[DATA FOR THE TASK]

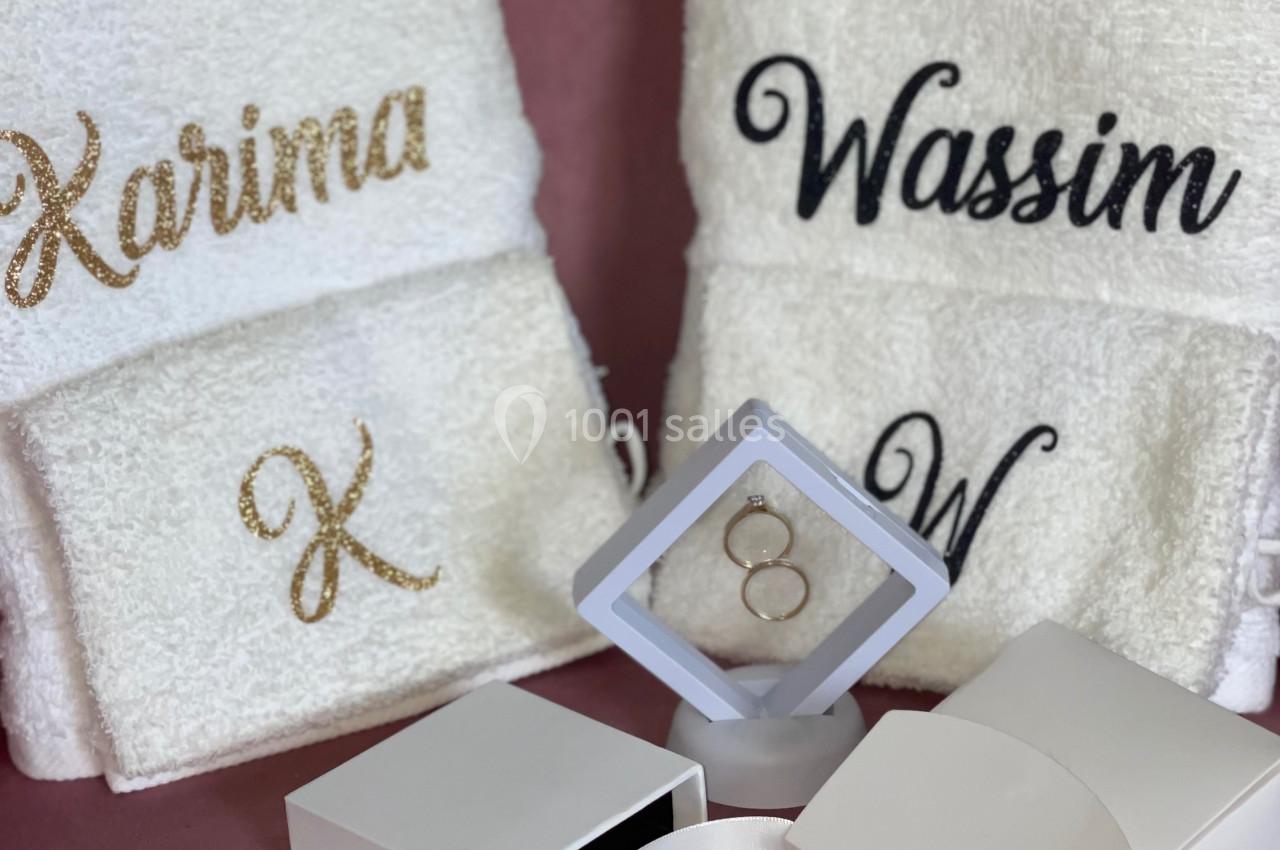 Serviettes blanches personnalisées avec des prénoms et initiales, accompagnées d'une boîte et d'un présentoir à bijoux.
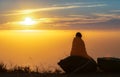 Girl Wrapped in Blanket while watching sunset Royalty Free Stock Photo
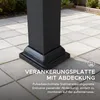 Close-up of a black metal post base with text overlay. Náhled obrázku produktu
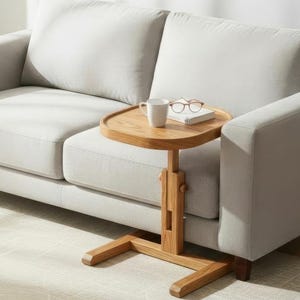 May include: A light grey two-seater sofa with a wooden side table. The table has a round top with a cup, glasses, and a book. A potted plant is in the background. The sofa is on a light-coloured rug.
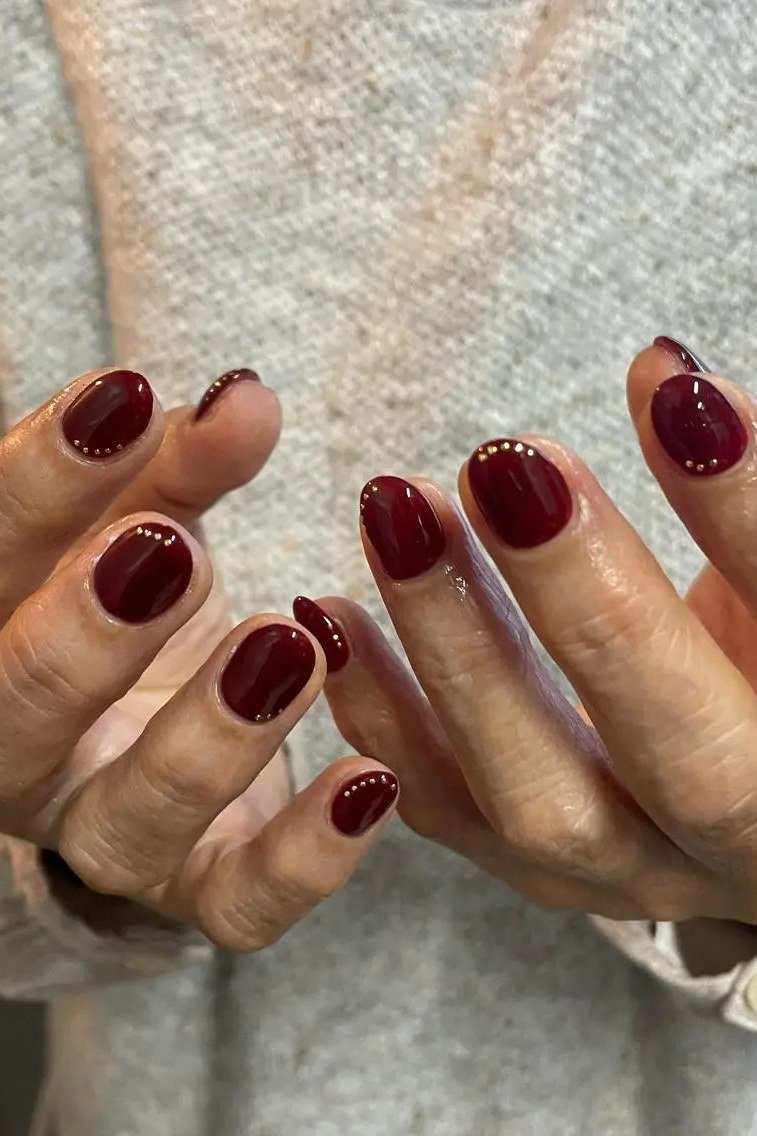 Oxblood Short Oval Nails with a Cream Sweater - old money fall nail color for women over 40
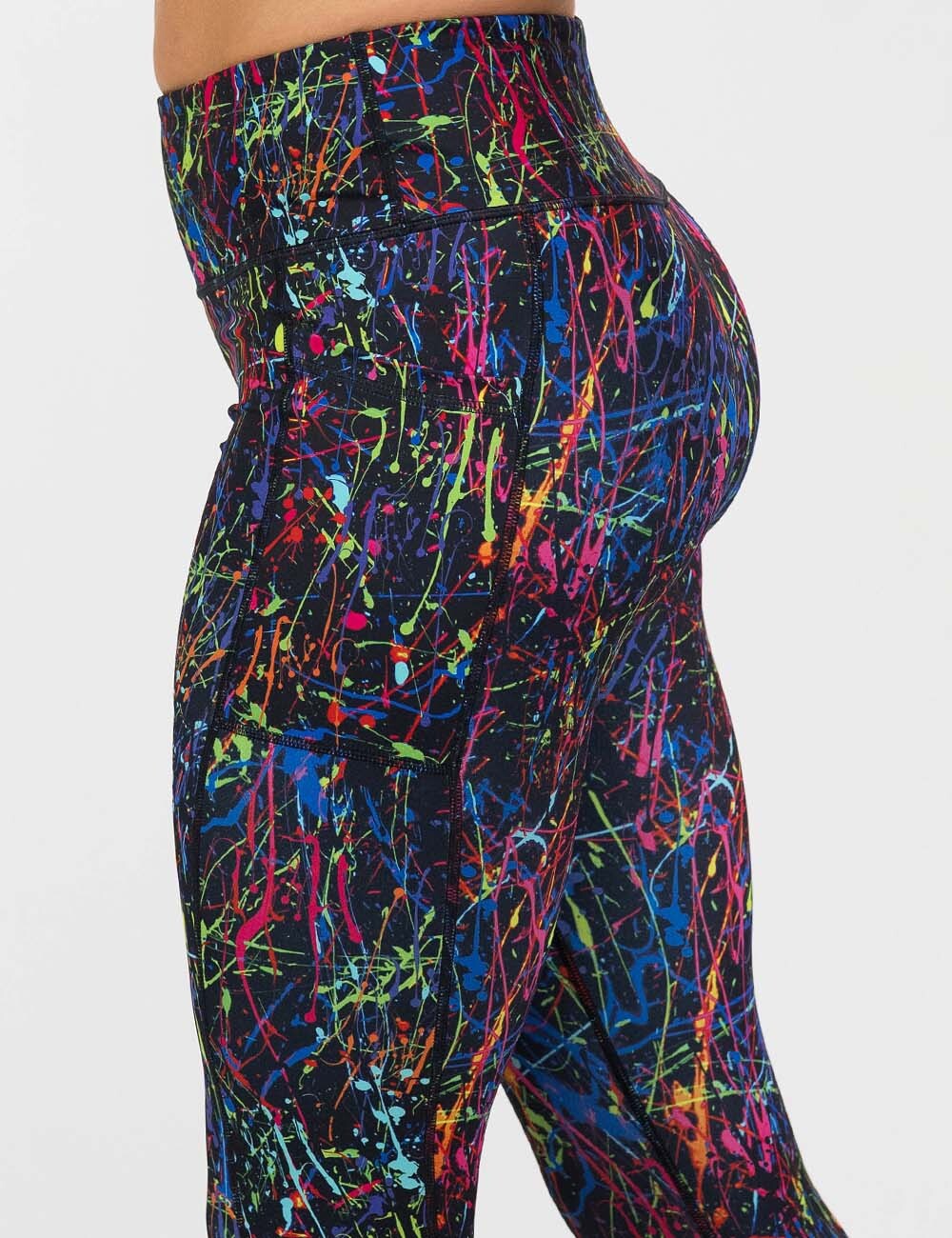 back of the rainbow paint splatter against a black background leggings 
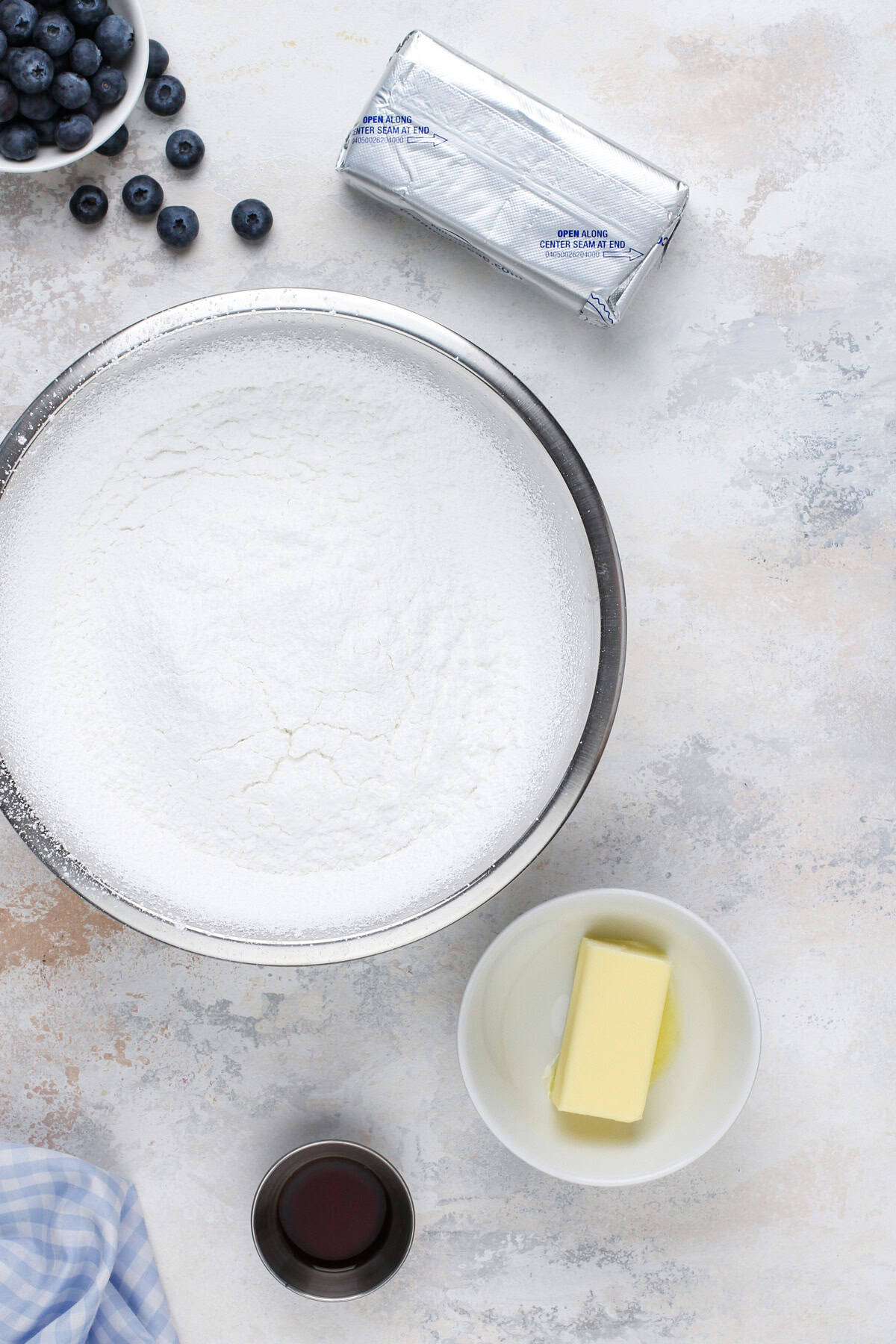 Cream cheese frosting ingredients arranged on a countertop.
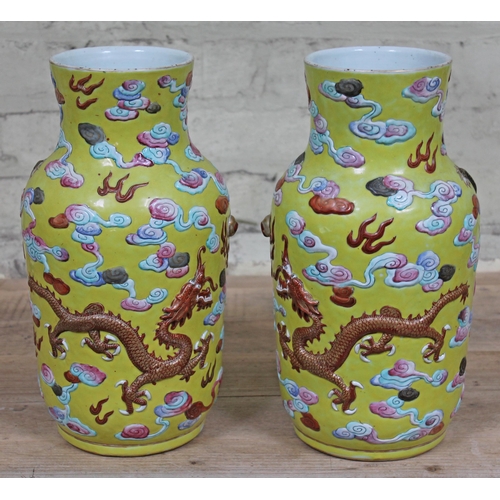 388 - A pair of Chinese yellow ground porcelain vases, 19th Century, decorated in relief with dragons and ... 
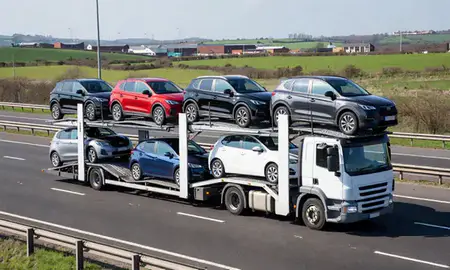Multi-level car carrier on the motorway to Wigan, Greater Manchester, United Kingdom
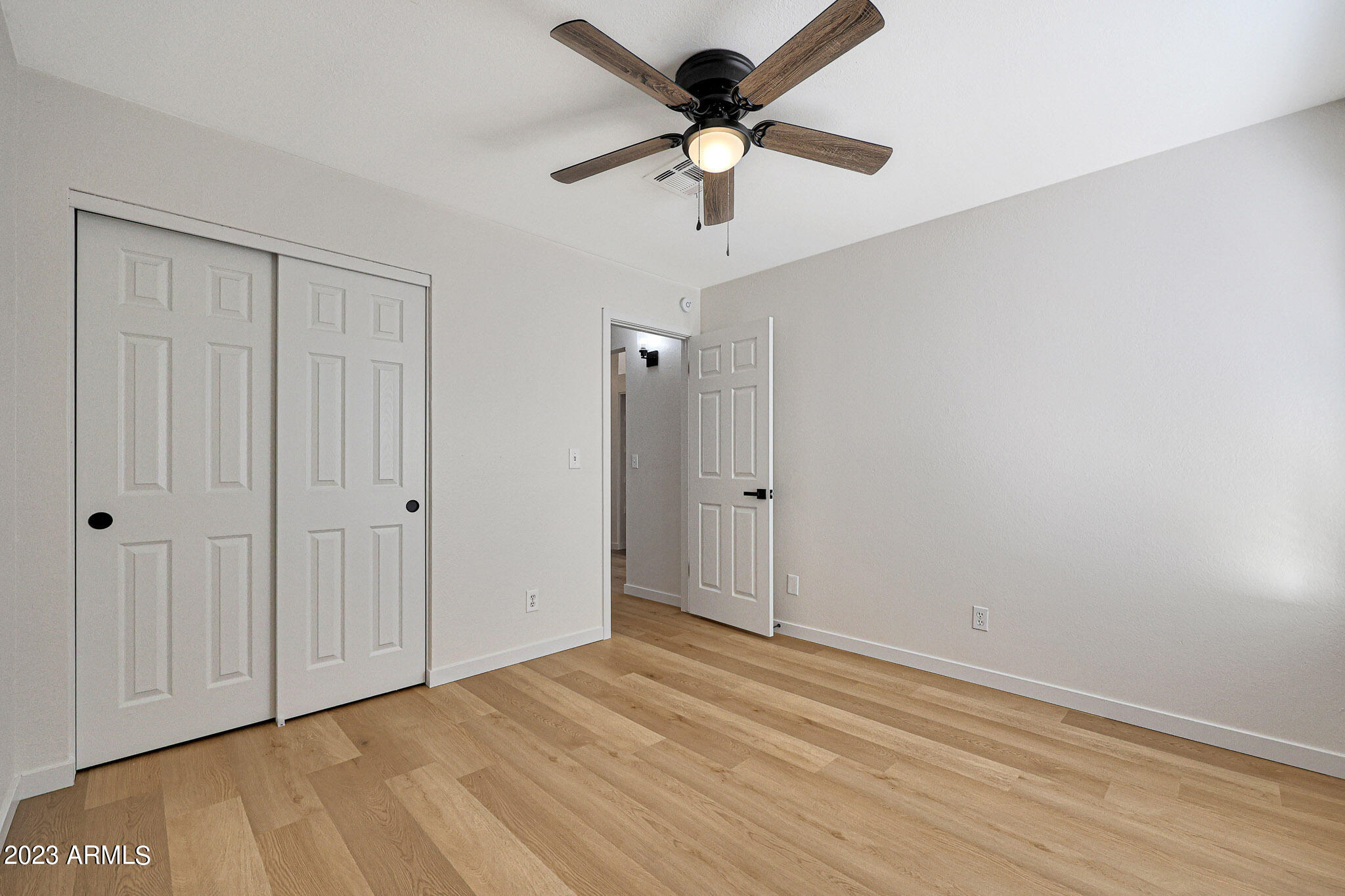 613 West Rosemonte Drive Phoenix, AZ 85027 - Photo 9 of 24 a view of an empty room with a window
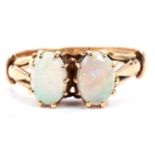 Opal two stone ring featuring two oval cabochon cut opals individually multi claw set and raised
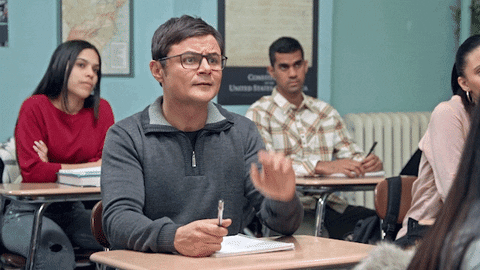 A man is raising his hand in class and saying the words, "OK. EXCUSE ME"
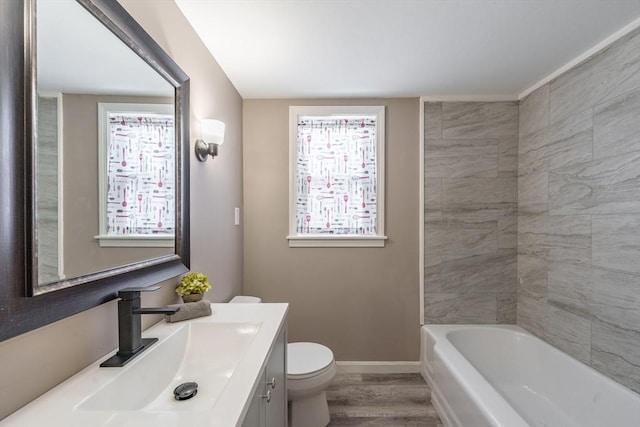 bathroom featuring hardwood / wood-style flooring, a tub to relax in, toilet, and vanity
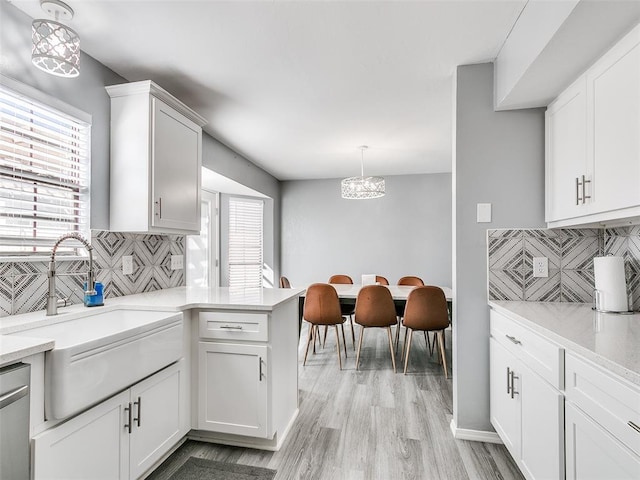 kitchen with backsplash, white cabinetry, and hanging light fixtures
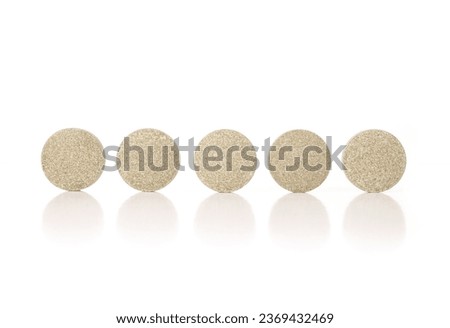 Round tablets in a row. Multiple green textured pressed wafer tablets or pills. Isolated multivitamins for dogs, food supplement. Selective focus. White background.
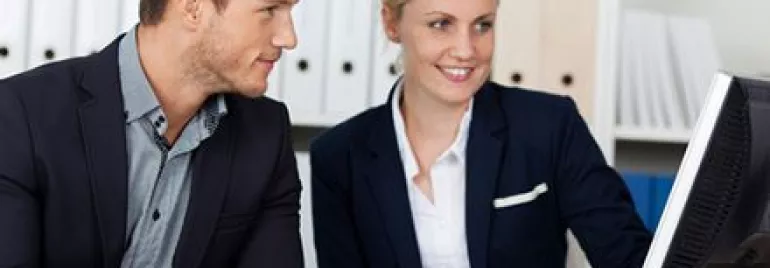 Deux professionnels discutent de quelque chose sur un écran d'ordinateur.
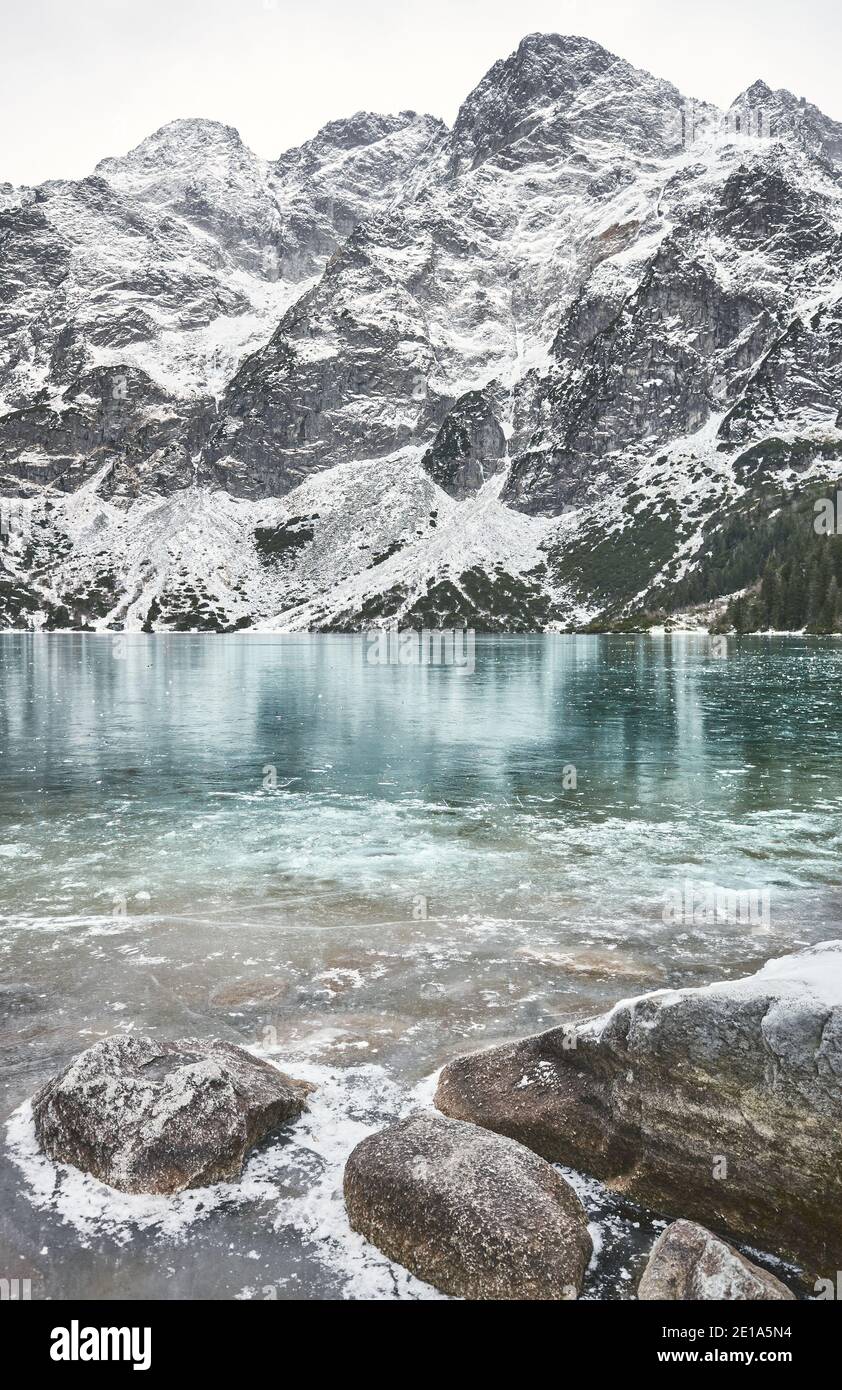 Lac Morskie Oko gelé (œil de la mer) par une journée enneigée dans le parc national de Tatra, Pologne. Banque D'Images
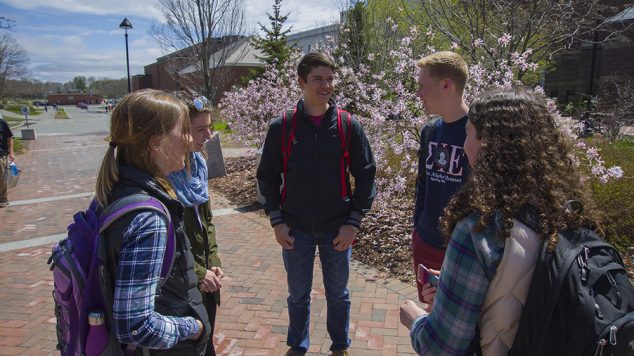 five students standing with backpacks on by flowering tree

[/DATA FOR THE TASK]

Starting from the first line of the listing above, write out every line exactly through the one containing "May include: A", and drop the pictures.

**RESULT**:
 Serviettes blanches personnalisées avec des prénoms et initiales, accompagnées d'une boîte et d'un présentoir à bijoux.
 Girl Wrapped in Blanket while watching sunset Royalty Free Stock Photo
 Close-up of a black metal post base with text overlay. Náhled obrázku produktu
 May include: A light grey two-seater sofa with a wooden side table. The table has a round top with a cup, glasses, and a book. A potted plant is in the background. The sofa is on a light-coloured rug.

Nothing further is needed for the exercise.